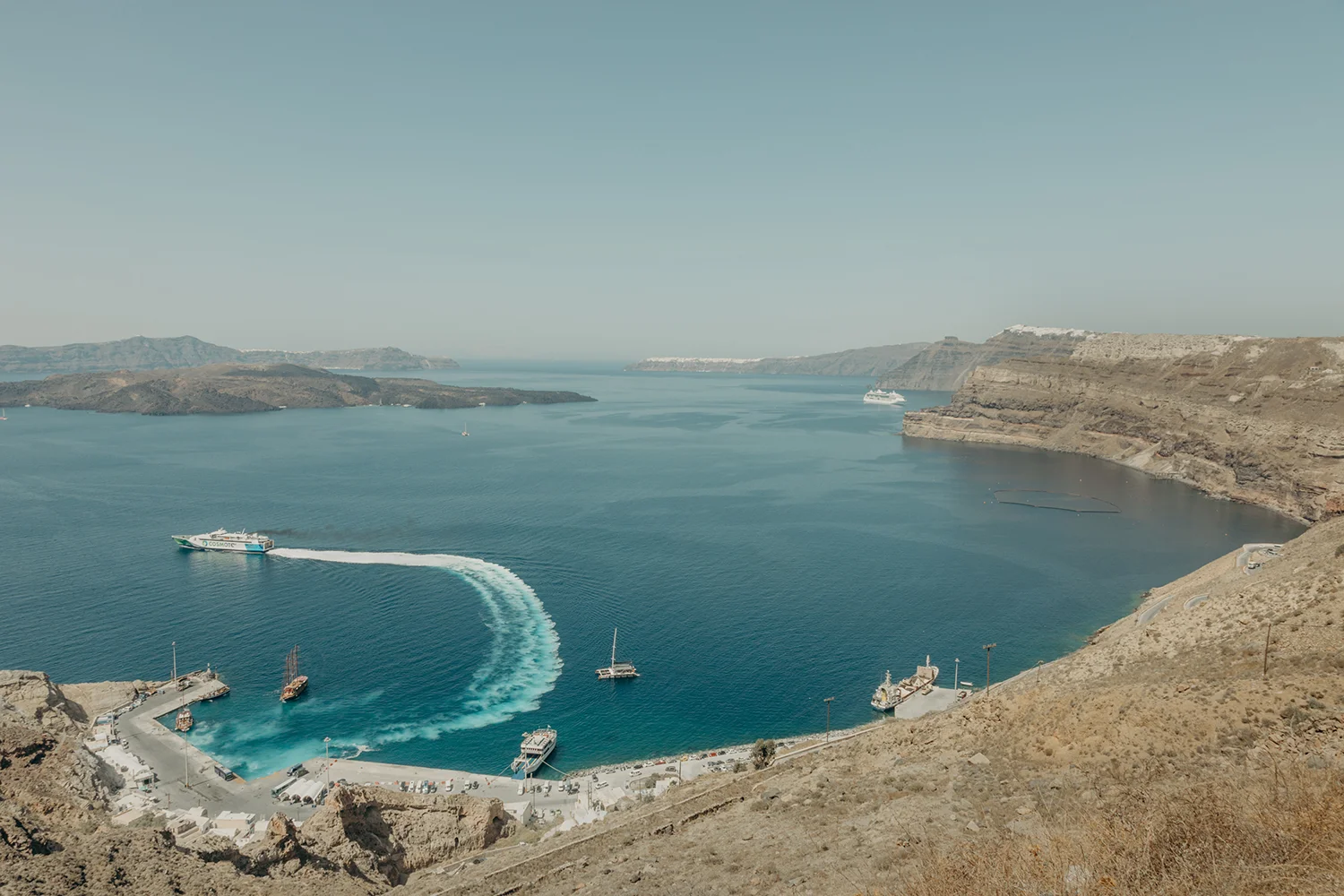 10091011shewanders.creativeclique.greece.jpg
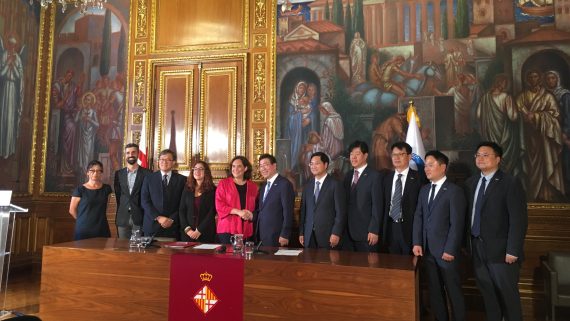 Signatura d'acord entre Barcelona i Seül a l'Ajuntament.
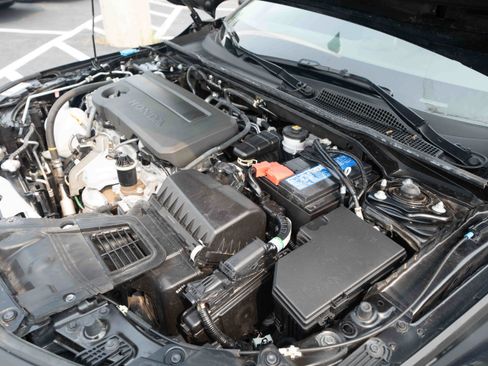 Certified 2025 Honda Civic Sport image 32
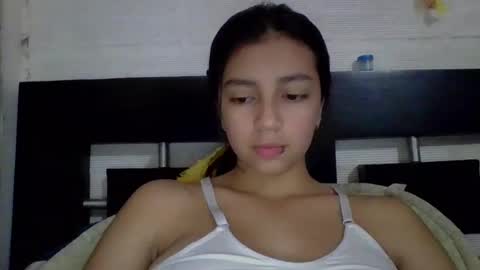 brad_and_emma293215 online show from October 14, 2025, 7:14 pm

**AIM OF THE TASK**
Extract the run of lines beginning with the line that holds "Signatura d'acord entre" and ending at the last line of the data, inclusive. Exclude any pictures from the copy.

**SOLUTION TO THE PROBLEM**
 Signatura d'acord entre Barcelona i Seül a l'Ajuntament.
 Certified 2025 Honda Civic Sport image 32
 brad_and_emma293215 online show from October 14, 2025, 7:14 pm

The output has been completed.